Due to a shortage of bus drivers, Monona Express afternoon Loops 1 and 3 have not been run since September 27. Only Monona Express afternoon Loops 2 and 4 will run until further notice. We apologize for the inconvenience and will keep you updated. First Transit has still not filled the driver position so we are trying to find other workarounds.


The BMO Harris development will be coming back to plan commission on 11/22 at 7pm. At that meeting, they will have fine tuned their development. You may have heard that Monona will be getting a Chipotle at the former Old National Bank building at the corner of Monona Drive and Broadway. That development will be on the November 8 agenda. Meetings are available in person or virtually. Agendas can be found here.


It's the time of year when we ask you to consider adopting a storm drain in your neighborhood. Storm drains are the open grates found along the edges of our streets and in some of our local parkways. These storm drains are designed to collect storm water and direct it to underground storm sewers. The storm sewers then direct the storm water to local retention and detention ponds, or local streams. Any pollution or debris that goes down a storm drain winds up entering these same waterways. Once these leaves become wet from rain they begin to break down and release phosphorus. This phosphorus takes two forms, solid and dissolved. Dissolved phosphorus has been proven to be the most significant contributor to algae blooms in our local waterways. Once this phosphorus is dissolved it is very difficult to nearly impossible to remove from the water. One pound of dissolved or physical phosphorus is enough to feed 500 wet pounds of algae.

How does one adopt a storm drain?

Please email Brad Bruun, the City of Monona Public Works Project Coordinator and GIS Specialist. Take a look at this map to find the storm drain closest to you. Green dots mean the drain has been adopted and red dots mean that storm drain needs to be adopted.


My day job is ramping up to give away 2,000 bicycles to those in need in spring 2022. In order to make that happen, we have to have bicycles donated to FB4K. We'll refurbish them over the winter so we can give them away in the spring.

Monona Fire Department and Monona Police Department will be hosting our donation station in the parking area in front of the fire truck garage on Nichols Road just east of the Community Center on Saturday, November 6 between 10am-2pm. If you have unused bicycles, we will make sure they go to someone who would love to have one but cannot afford one. All sizes and styles are needed.

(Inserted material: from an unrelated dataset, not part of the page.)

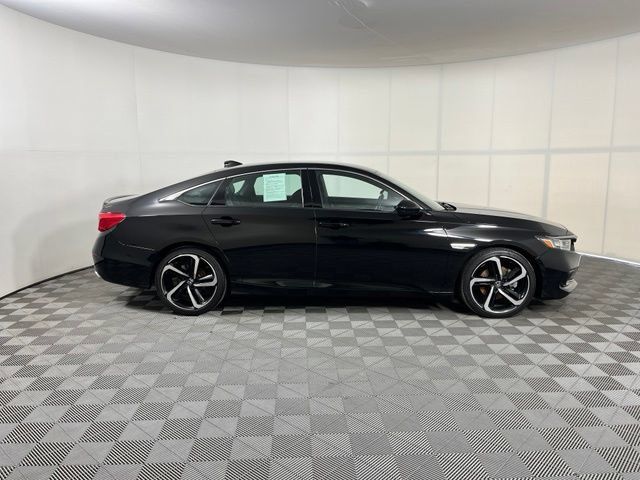 Used 2021 Honda Accord Sport image 8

We can't accept used helmets unfortunately but we also accept bike parts and bike racks! Thank you for your consideration!

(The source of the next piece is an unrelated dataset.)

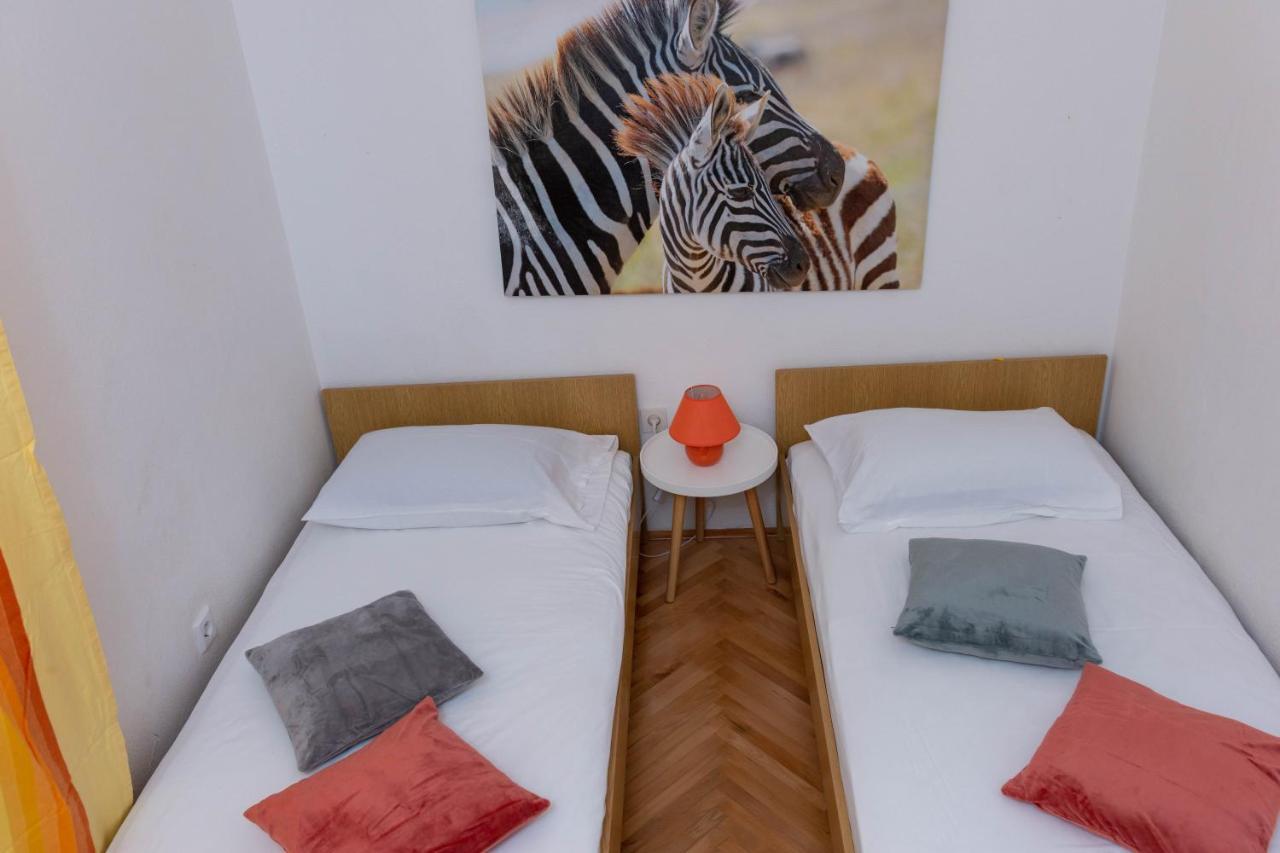 Apartman Duce Milka Villa Kültér fotó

I am so honored to have been one of the 18 nominees for the Sustain Dane 2021 Live Forward award. Four nominees were selected through a vote and myself along with Oscar Mireles, Tara Wilhemi, and Elena Terry were selected. We will be awarded at Monona Terrace Convention Center on November 18. The Live Forward Awards recognize local changemakers and inclusive leaders who are accelerating sustainability and advancing community well-being. Shout out to Ivo Rosendaal of Monona who was also one of the 18 nominees. And thank you to those who voted for me and took notice of my commitment to sustainability and community well-being.